Energy-intensive industries like electricity, aluminum, and cement are among the first to be affected by new CBAM rules
CBAM deters carbon leakage because non-EU companies that import products to the EU will now have to align with the carbon rules for EU industries. This ensures equal treatment for imported products that did not previously have to follow all of the EU’s strict environmental rules.
How will this work? Starting in 2027 importers in energy-intensive industries, such as electricity, iron, and steel, will have to buy CBAM certificates to cover their embedded GHG emissions. This includes direct and indirect emissions that are embedded in electricity and heat, but does not include all scope 3 emissions. The price of the CBAM certificate is directly correlated to the EU ETS market. The fact that quantity is not capped is just a technical way to avoid speculation on the CBAM certificate and decorrelate the price from the EU ETS price
Electrifying processes, improving energy efficiency, and increasing renewables use reduces CBAM’s costly impact
Now industries – both EU and non-EU — will have to pay for direct and indirect GHG emissions. To avoid CBAM’s potential added costs, companies need to redouble their focus on reducing their carbon footprint.
These emission-reducing actions include:
· Electrifying processes: By electrifying processes and assets, such as industrial heat and motion processes, companies can take a big step toward lowering their carbon footprint without a negative effect on their companies’ operations or production.
· Increasing renewables use: Increasing renewables is a key change that helps companies make a clean energy transition.
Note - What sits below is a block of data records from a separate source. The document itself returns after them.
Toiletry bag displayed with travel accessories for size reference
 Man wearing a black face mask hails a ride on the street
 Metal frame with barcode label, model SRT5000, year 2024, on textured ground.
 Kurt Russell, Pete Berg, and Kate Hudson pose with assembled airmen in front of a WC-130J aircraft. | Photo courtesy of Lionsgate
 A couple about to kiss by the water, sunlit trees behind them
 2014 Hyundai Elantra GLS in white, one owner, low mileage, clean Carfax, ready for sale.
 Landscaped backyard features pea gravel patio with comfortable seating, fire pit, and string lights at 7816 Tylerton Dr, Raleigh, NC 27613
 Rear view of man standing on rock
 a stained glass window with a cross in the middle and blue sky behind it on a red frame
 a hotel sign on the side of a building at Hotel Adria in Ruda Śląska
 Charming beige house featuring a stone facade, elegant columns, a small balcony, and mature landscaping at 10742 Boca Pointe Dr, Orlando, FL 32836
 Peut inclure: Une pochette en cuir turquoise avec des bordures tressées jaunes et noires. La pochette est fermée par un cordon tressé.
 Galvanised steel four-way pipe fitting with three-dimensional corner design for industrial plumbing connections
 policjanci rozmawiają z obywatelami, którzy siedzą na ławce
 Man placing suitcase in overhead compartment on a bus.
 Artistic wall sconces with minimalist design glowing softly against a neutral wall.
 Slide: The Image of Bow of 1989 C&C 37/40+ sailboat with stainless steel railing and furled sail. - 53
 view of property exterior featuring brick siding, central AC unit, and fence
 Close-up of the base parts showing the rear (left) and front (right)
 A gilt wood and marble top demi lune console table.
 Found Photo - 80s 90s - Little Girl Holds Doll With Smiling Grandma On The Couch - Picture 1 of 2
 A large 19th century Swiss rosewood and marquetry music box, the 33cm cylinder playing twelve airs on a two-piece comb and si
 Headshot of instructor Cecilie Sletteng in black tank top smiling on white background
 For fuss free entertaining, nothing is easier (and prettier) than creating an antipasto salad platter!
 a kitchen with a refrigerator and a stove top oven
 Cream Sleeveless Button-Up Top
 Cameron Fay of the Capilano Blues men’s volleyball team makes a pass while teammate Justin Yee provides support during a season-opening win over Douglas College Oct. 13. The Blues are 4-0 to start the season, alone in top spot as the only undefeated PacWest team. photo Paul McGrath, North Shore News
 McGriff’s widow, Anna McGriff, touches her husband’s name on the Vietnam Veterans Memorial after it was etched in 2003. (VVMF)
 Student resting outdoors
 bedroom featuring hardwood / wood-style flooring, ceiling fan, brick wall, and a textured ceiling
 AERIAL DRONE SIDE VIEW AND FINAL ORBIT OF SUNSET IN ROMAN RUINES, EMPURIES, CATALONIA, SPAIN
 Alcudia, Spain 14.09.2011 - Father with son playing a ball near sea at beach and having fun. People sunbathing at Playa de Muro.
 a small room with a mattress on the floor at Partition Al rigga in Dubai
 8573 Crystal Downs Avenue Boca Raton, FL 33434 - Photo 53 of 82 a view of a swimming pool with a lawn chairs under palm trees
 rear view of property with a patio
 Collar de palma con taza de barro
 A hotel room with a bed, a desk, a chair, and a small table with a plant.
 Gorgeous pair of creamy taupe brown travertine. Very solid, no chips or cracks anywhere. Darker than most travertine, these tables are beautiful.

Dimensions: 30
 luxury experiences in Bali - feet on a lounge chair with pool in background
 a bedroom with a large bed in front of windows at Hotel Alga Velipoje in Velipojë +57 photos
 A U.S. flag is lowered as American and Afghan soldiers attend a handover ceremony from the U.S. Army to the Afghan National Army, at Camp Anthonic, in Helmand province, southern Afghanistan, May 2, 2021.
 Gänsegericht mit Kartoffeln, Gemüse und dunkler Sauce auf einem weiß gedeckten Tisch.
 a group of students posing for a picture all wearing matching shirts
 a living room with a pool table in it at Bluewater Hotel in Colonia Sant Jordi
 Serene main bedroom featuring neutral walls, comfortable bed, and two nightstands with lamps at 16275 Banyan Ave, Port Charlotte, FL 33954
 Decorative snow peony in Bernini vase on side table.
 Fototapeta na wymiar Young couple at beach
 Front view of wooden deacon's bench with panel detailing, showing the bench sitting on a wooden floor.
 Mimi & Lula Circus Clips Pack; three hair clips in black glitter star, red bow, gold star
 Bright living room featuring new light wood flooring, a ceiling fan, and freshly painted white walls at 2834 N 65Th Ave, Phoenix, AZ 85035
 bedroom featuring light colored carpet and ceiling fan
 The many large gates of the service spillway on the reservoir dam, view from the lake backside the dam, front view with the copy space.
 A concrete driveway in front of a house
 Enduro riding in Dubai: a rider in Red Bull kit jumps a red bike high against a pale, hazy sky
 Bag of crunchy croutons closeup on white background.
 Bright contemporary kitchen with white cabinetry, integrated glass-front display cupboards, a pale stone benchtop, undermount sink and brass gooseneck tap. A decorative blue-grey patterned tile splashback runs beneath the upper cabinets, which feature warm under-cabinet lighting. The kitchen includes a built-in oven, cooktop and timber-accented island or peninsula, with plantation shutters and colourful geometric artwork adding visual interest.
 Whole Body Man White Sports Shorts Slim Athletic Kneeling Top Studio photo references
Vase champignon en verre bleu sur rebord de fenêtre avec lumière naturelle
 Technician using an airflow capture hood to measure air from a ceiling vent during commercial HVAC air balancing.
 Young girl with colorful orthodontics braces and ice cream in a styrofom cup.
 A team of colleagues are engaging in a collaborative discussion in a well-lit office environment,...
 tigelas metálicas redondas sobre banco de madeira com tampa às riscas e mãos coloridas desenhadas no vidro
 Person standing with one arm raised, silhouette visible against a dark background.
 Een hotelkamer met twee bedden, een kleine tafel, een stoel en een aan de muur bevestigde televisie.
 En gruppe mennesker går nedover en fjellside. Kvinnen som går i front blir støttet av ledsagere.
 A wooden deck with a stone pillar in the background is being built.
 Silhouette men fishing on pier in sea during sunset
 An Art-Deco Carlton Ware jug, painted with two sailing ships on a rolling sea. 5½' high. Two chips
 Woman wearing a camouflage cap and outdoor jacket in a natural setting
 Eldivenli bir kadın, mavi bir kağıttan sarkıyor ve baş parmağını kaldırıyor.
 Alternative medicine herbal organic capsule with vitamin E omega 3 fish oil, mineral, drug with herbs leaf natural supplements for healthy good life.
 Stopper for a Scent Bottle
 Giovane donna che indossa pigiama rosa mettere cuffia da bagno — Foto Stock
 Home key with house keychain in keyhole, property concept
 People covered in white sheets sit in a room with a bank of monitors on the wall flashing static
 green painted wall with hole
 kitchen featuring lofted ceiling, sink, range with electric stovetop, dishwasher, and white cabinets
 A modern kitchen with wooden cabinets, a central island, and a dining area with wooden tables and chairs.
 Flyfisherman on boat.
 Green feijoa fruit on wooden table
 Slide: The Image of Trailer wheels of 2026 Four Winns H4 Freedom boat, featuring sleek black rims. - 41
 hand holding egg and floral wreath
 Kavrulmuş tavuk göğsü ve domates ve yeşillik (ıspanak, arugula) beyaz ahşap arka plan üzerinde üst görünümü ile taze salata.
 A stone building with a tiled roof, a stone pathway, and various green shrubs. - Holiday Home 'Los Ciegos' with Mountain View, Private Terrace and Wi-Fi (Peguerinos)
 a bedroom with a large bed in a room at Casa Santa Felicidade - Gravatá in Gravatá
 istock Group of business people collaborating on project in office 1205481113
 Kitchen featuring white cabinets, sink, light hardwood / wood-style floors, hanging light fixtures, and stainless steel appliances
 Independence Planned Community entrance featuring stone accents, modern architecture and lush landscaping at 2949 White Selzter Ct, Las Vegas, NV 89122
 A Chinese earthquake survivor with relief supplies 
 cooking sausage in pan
Improving renewable use is important for reducing CBAM’s financial impact and is also required by EU regulations. One way that companies can decarbonize is by procuring renewable energy using power purchase agreements (PPA). They can also increase renewables use directly through on-site generation, such as solar panels.
· Improving energy efficiency: Improving energy efficiency avoids wasted resources, decreases fossil fuel use, and reduces energy use needs.
How can energy-intensive companies prepare for CBAM?
Energy-intensive companies need a customized decarbonization strategy to prepare their business for these changes. Decarbonization efforts will be supported by technology that drives energy and sustainability programs, increases process electrification, and drives renewable energy use.